The complete error message:

example.mlir:2:11: error: failed to legalize operation ‘builtin.unrealized_conversion_cast’ that was explicitly marked illegal
%c0 = arith.constant 0 : index

When i remove the scf.for loop(also the code in it), everything work fine with the above passes. So it seems like the problem comes from the tensor.insert operation, but result in message for airth.constant. I’m open to any guidance or suggestions you might have, and I’m eager to learn from your expertise.

Unrealized conversion cast errors tend to be not the most informative.
But overall, your snippet looks correct at the first glance. The fact that it lowered all the way to reconcile-unrealized-casts suggests that it might be a problem with some lowering or the pipeline.

So, let’s start by reproducing the error. Running the provided lowering passes on the code snippet, I get similar failed to legalize operation 'builtin.unrealized_conversion_cast' error.
In this case, it is often useful to step back one pass and see what’s the IR state just before the reconcile-unrealized-casts pass.

Rerunning the same passes just without the last one. I’d expect all the ops to be at LLVM dialect. However, quick glace over the IR, brings up some bufferization leftovers:

%75 = bufferization.to_memref %71 : memref<4xf64>
%76 = builtin.unrealized_conversion_cast %75 : memref<4xf64> to !llvm.struct<(ptr, ptr, i64, array<1 x i64>, array<1 x i64>)>
%77 = llvm.extractvalue %37[1] : !llvm.struct<(ptr, ptr, i64, array<1 x i64>, array<1 x i64>)> 

This suggests that something might be wrong with bufferization or rather how it is invoked. These days it is much better to rely on one shot bufferization.
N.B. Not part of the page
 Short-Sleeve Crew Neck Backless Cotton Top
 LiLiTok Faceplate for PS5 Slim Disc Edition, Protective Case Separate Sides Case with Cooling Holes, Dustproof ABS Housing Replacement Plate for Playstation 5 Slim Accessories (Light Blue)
Let’s replace all the individual bufferization passes with -one-shot-bufferize and also enable its bufferize-function-boundaries option to allow the function parameter to be converted to memref.
The new pipeline will be:

-one-shot-bufferize=bufferize-function-boundaries -arith-expand -convert-linalg-to-loops -convert-scf-to-cf -expand-strided-metadata -memref-expand -arith-expand -convert-cf-to-llvm -convert-arith-to-llvm -finalize-memref-to-llvm -convert-func-to-llvm -reconcile-unrealized-casts

This successfully produces IR with all operations lowered the LLVM dialect.

If more unrealized conversion cast errors occurred, the above process could be repeated to identify other missing passes and/or their incorrect order.
When a pipeline produces unexpected or invalid results, it is often also helpful to examine IR after each individual pass or at least some key points like right before and after bufferization.

Hopefully this small debugging walkthrough is enough to give you some insight how to handle similar issues in the future :slight_smile:

Thank you very much for your help. The ‘one-shot-bufferize’ pass is indeed useful, especially work well with tensor dialect. My previous idea was to convert tensors into memrefs outside the ‘scf.for’ loop, and then process the memrefs within the loop. This idea works, but in an ugly way. All other parts of the program operate at the tensor level, and here comes up with a memref. Once again, thank you for your detailed debugging process. I think i can handle other similar problems now(rather than simply trying different passes).

Generally, it is better to avoid mixing tensor and memref abstractions unless there is a strong reason to do it. But occasionally such approach can have its uses.

And if mixing these abstractions is unavoidable, bufferization dialect can help to bridge the two worlds e.g., bufferization.to_memref/to_tensor/materialize_in_destination.